> _WHAT YOU SHOULD DO_
Once the pictures are removed, reproduce what is left of the data below exactly.

________

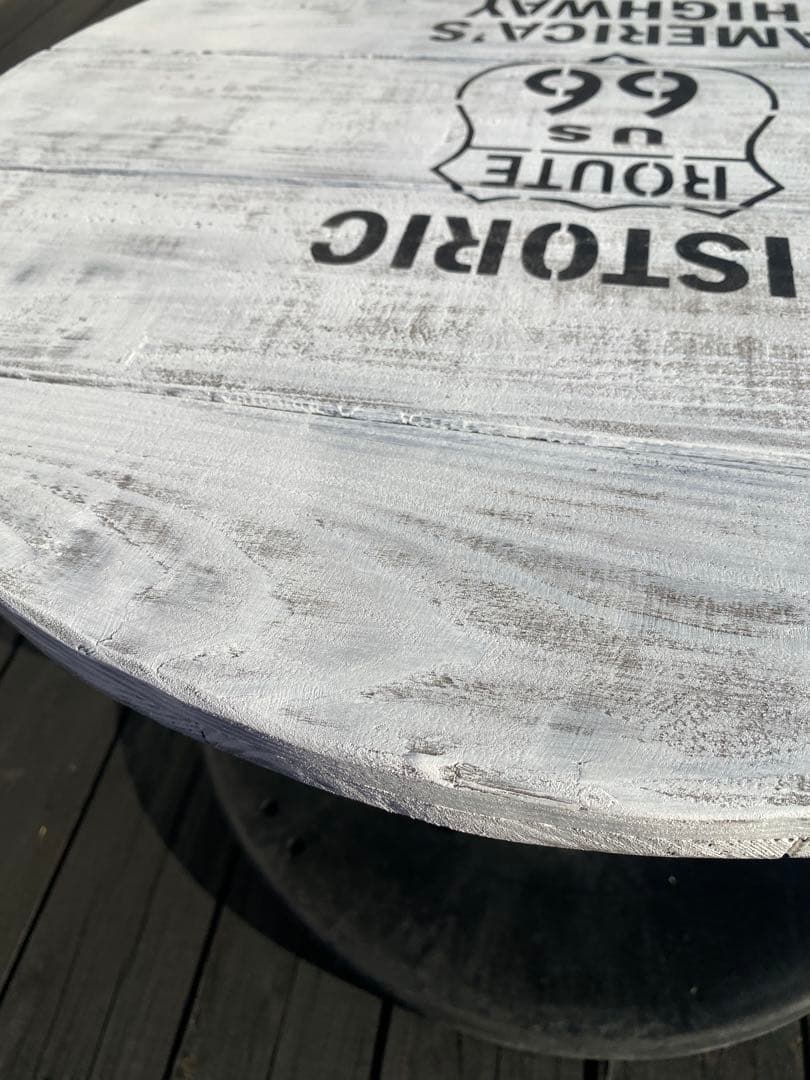 ガレージテーブル　ガーデンテーブル　ホワイト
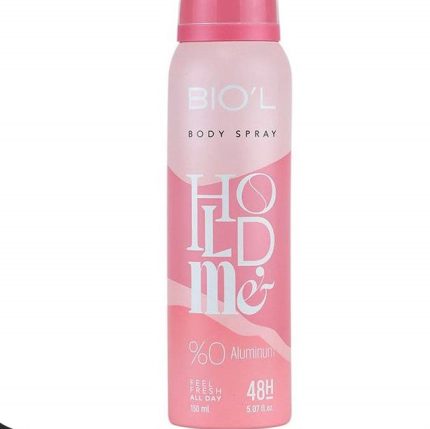 اسپری خوش بو کننده بدن زنانه hold me بیول 150 میل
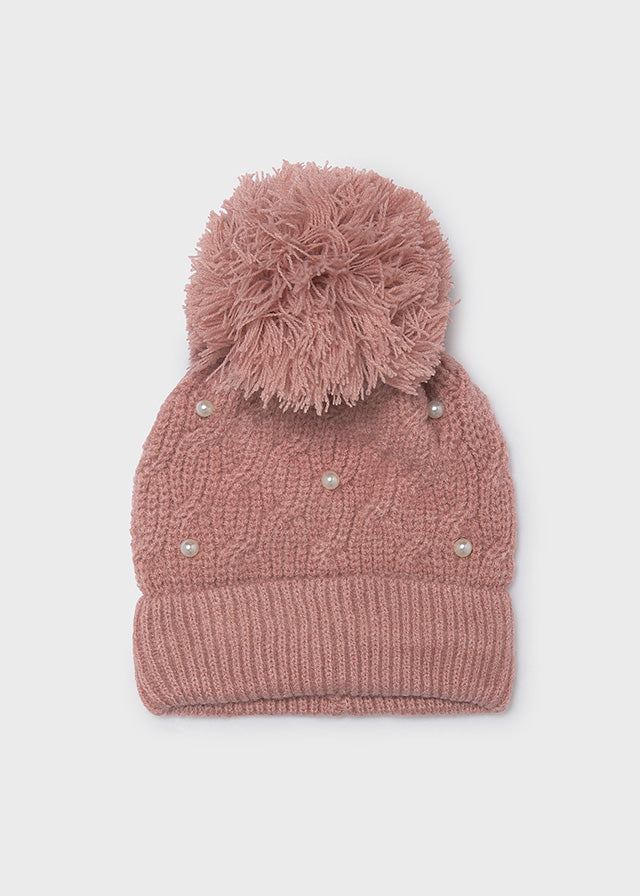 Pearl knit hat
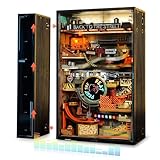 ROKR Kugelbahn 3D Puzzle Erwachsene Hip-hop Street Modell Musik-Sync Gaming Deko Setup...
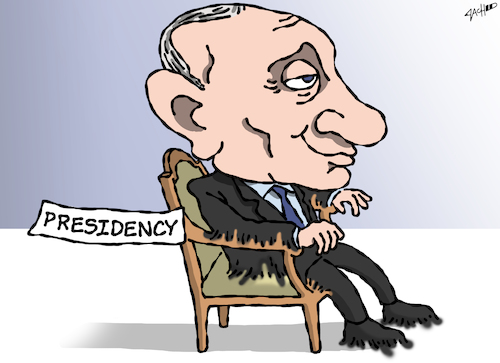 Cartoon: President for Life (medium) by cartoonistzach tagged putin,president,russia,politics,authoritarianism,democracy,putin,president,russia,politics,authoritarianism,democracy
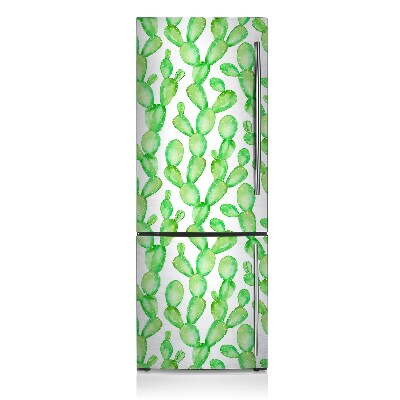 Funda magnética para refrigerador Cactus pastel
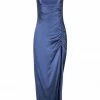 Shona Joy DRESSES THALIA BIAS RUCHED MIDI DRESS - AEGEAN BLUE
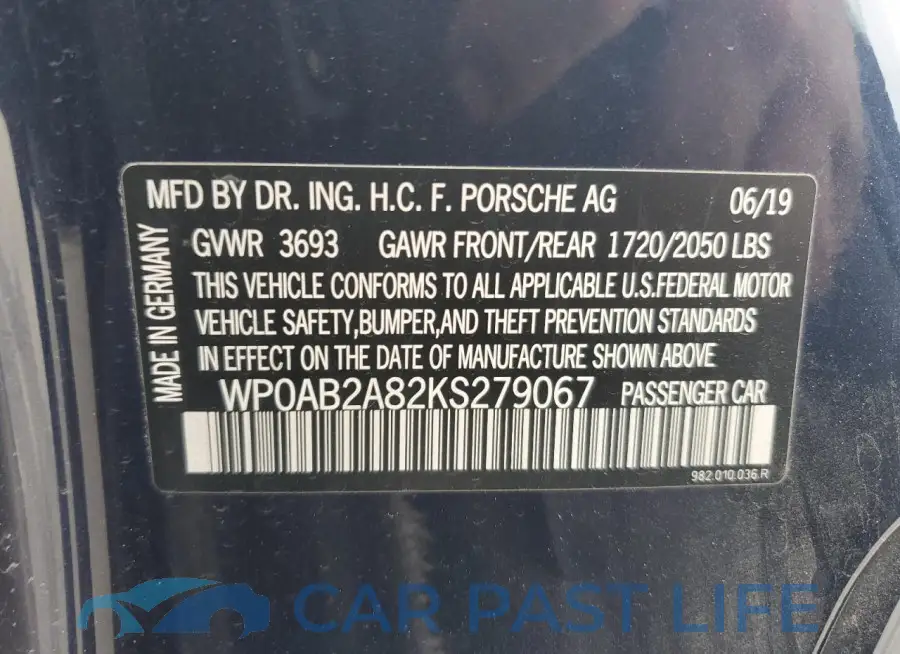WP0AB2A82KS279067# 13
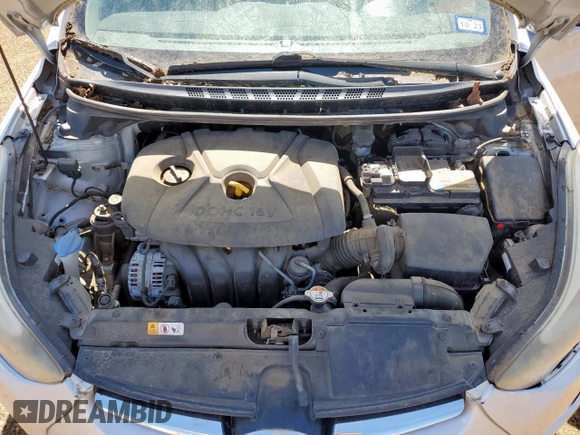 2016 Hyundai Elantra SE with VIN 5NPDH4AE1GH715779, listed as a Copart auction lot 62361725 with 128,507 mi miles and Clean title. Bid and sale history available at DreamBid. Image 11.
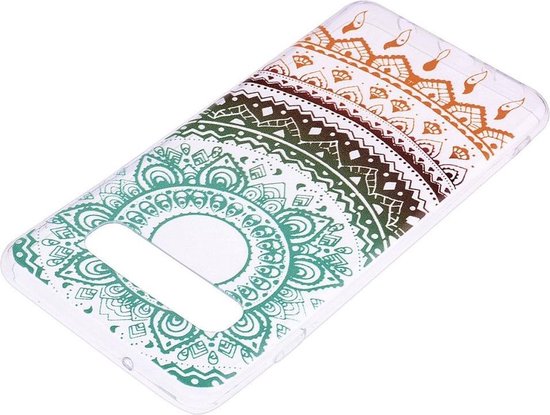 Shop4 Samsung Galaxy S10e - Coque arrière souple Mandala coloré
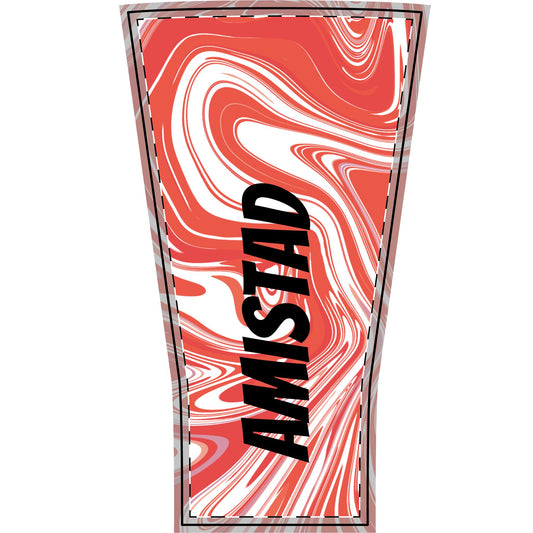 Amistad Red Marble Arm Sleeve — Swirl Pattern Compression Sleeve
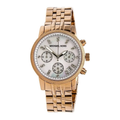 MICHAEL KORS LADIESMOTHER OF PEARL CHRONOGRAPH DIAL AND ROSE GOLD METAL BAND MK5026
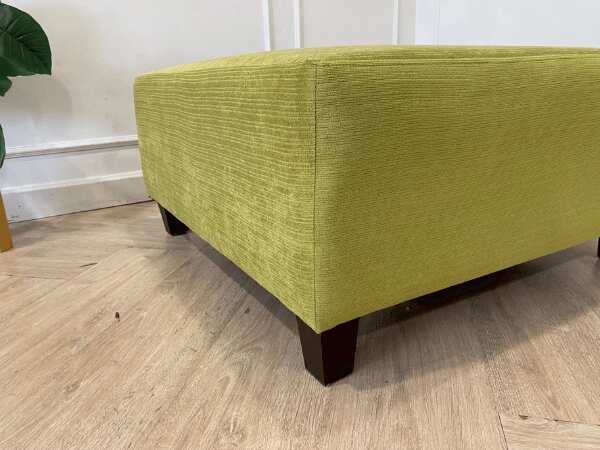 Stool, fabric cushion, green *New, never used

________

> _SOLUTION FOR THIS PROBLEM_
 ガレージテーブル　ガーデンテーブル　ホワイト
 اسپری خوش بو کننده بدن زنانه hold me بیول 150 میل
 Pearl knit hat
 ROKR Kugelbahn 3D Puzzle Erwachsene Hip-hop Street Modell Musik-Sync Gaming Deko Setup...
 Cartoon: President for Life (medium) by cartoonistzach tagged putin,president,russia,politics,authoritarianism,democracy,putin,president,russia,politics,authoritarianism,democracy
 Funda magnética para refrigerador Cactus pastel
 Shona Joy DRESSES THALIA BIAS RUCHED MIDI DRESS - AEGEAN BLUE
WP0AB2A82KS279067# 13
 2016 Hyundai Elantra SE with VIN 5NPDH4AE1GH715779, listed as a Copart auction lot 62361725 with 128,507 mi miles and Clean title. Bid and sale history available at DreamBid. Image 11.
 Shop4 Samsung Galaxy S10e - Coque arrière souple Mandala coloré
 Amistad Red Marble Arm Sleeve — Swirl Pattern Compression Sleeve
 MICHAEL KORS LADIESMOTHER OF PEARL CHRONOGRAPH DIAL AND ROSE GOLD METAL BAND MK5026
 Stool, fabric cushion, green *New, never used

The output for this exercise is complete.